BRIEF DESCRIPTION OF THE FIGURES
[0016] FIG. 1 is an elevation view of a preform that has a
overmolded layer on a portion of the preform.
[0017] FIG. 2 is an elevation view of a container with an
overmolded layer on the grips produced from the preform of FIG.
1.
[0018] FIG. 3 is an elevation view of a preform that has an
overmolded layer on an upper part of the preform.
[0019] FIG. 4 A is an elevation view of the front of the container
with an overmolded layer on grips on an upper part of a container
produced from the preform of FIG. 3.
[0020] FIG. 4 B is an elevation view of the rear of the container
with an overmolded layer on grips on an upper part of a container
produced from the preform of FIG. 3.
[0021] FIG. 5 is an elevation view of a preform that has an
overmolded layer on a lower part of the preform
[0022] FIG. 6 is an elevation view of the container with an
overmolded layer on grips on a lower part of a container produced
from the preform of FIG. 5.
[0023] FIG. 7 is an elevation view of a circular container with an
overmolded layer on grips of a container produced from the preform
of FIG. 1.
[0024] FIG. 8 is a cross-section of the container of FIG. 7 along
line 8-8.
DETAILED DESCRIPTION OF THE INVENTION
[0025] The invention will be described in more detail in its
preferred embodiments with reference to the drawings. The invention
may be modified but will remain within the present inventive
concept.
[0026] FIG. 1 shows a preform 10 which has a lower extended portion
18 and an upper portion 12 with threads 14. Also on the upper
portion is a cap seal flange 15 and a transport flange 16 which
supports the preform through a preheating and when it is conveyed
into the mold. The lower part 18 of the preform has overmolded
layers 20(a) and 20(b) which are in a U-shape on the preform 10.
The overmolded layers 20(a) and 20(b) have a thickness of about
0.05 mm to about 5 mm, and preferably about 0.1 to about 3 mm. The
width of an overmolded part will be determined by the area of the
grips that is to be covered on the completed blowmolded container.
The overmolded layer will have a U-shape with any excess material
on the bottom of the container blown from the preform being removed
from the blowmolded container. The blowmolded container 22 formed
from this preform is shown in FIG. 2. The upper part of the
container 22 is the same as the preform. There is the neck 12 with
threads 14 cap seal flange 15 and the transport flange 16. The
container 22 has a shoulder 21 and a container body 28. The
container body has a bottom surface 29 and side surfaces 24 and 25,
with each of these side surfaces having a plurality of grips. The
side surface 24 has grips 26(a), 26(b), 26(c) and 26(d) and the
side surface 25 has grips 27(a), 27(b), 27(c) and 27(d). The grips
26(a), 26(b), 26(c) and 26(d) are covered with the overmolded layer
20(a) and the grips 27(a), 27(b), 27(c) and 27(d) are covered with
overmolded layer 20(b).

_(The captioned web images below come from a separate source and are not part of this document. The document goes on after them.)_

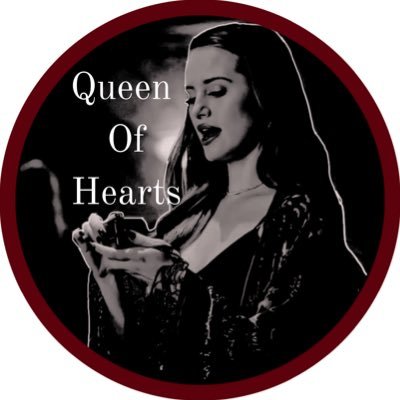 i warn you child ... if i lose my temper ... you lose your head | queen of hearts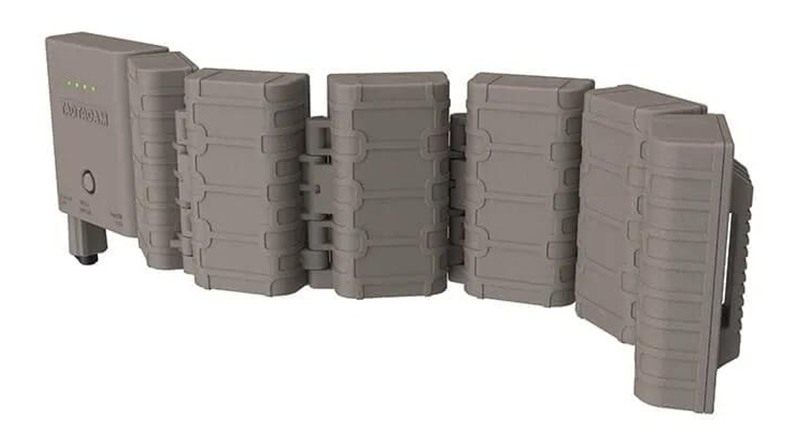 Tactacam Reveal Battery Belt view 2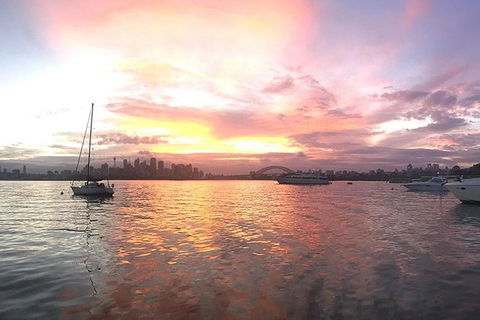 Sunset And Sparkle Sydney Harbour Cruise - Broome Tourism 4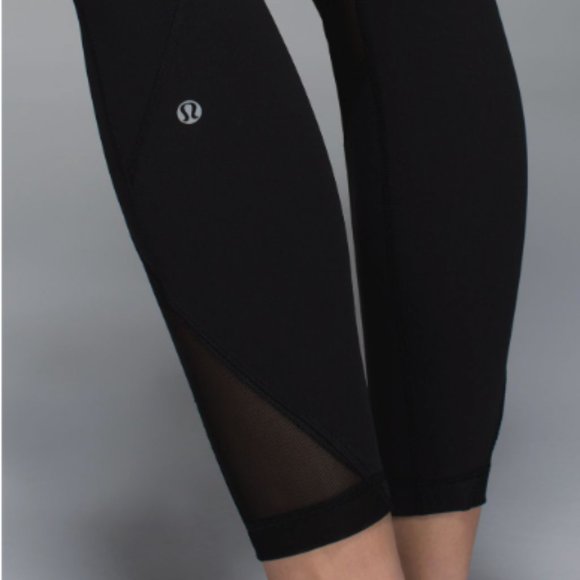 LuluLemon Inspire Tight II (Mesh) - Picture 11 of 11
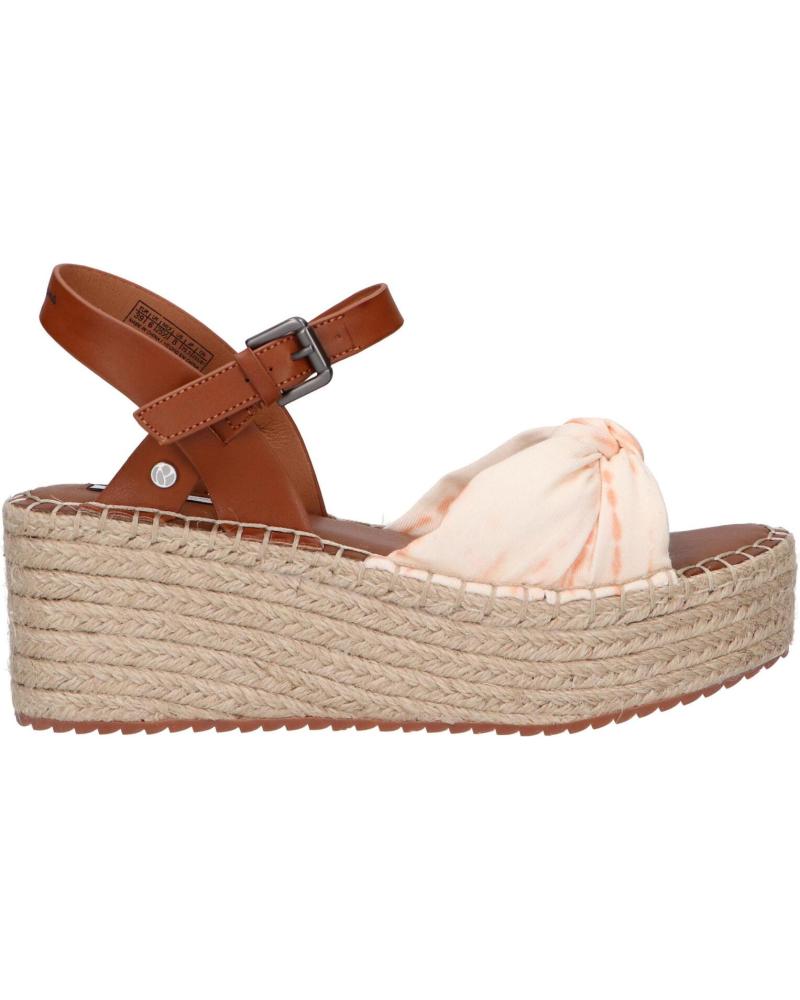 Sandali per Donna PEPE JEANS PLS90553 WITNEY KNOT 118PEACH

The overmolded layer is only on the grips
which leaves the full front and rear surfaces of the container free
for a label and for product information, some of which is legally
required to be on the container.
[0027] FIG. 3 is a preform to be used to provide a grip on the
front surface and the side surfaces of a container. The preform has
an upper portion 32 and a lower portion 38. The upper portion has
threads 34, cap sealing flange 35 and transport flange 36. There is
an overmolded layer 40 on the preform. This preform is blowmolded
to form container 42 of FIG. 4A. The front view of the container is
shown in FIG. 4A. This container has a neck 32 with threads 34, cap
sealing flange 35 and transport flange 36. The container body 37
has a bottom surface 49 and a front surface 39(a) with label area
41(a). The upper part of the container body has an overmolded layer
40 and a grip recess area 45(a) in the front container surface
39(a). There also are grip recesses 47 and 48 in sidewalls 44 and
46 respectively. The thickness of the overmolded layer will be the
same as for the preform of FIG. 1. However, in this embodiment the
overmolded layer will cover the upper area of the lower portion 38
of the preform. When the container is formed by blowmolding the
overmolded layer 40 will cover an upper part of the front container
surface 39(a). FIG. 4B shows a rear view of the container of FIG.
4A. There is rear container surface 39(b) with label area 41(b) and
a recesses grip area 45(b). Otherwise the container rear view is
essentially the same as the front view of FIG. 4A.
[0028] FIG. 5 shows a preform 50 with an upper portion 52 with
threads 54, cap flange 55 and transport flange 56. The lower
portion 58 of the preform has an overmolded layer 60. This
overmolded layer will have a thickness similar to that of the
overmolded layer of FIG. 1. It will have to be of a sufficient
thickness the cover the lower portion of a container when the
preform is blowmolded to form the container. The blowmolded
container from this preform 50 is shown in FIG. 6. The blowmolded
container 62 has a shoulder 63 and a neck 52. The neck 52 has
threads 54, cap flange 55 and transport flange 56. The container
body 57 of container 62 has a front surface 69 and a bottom surface
67. The upper portion of container surface 69 has label area 59.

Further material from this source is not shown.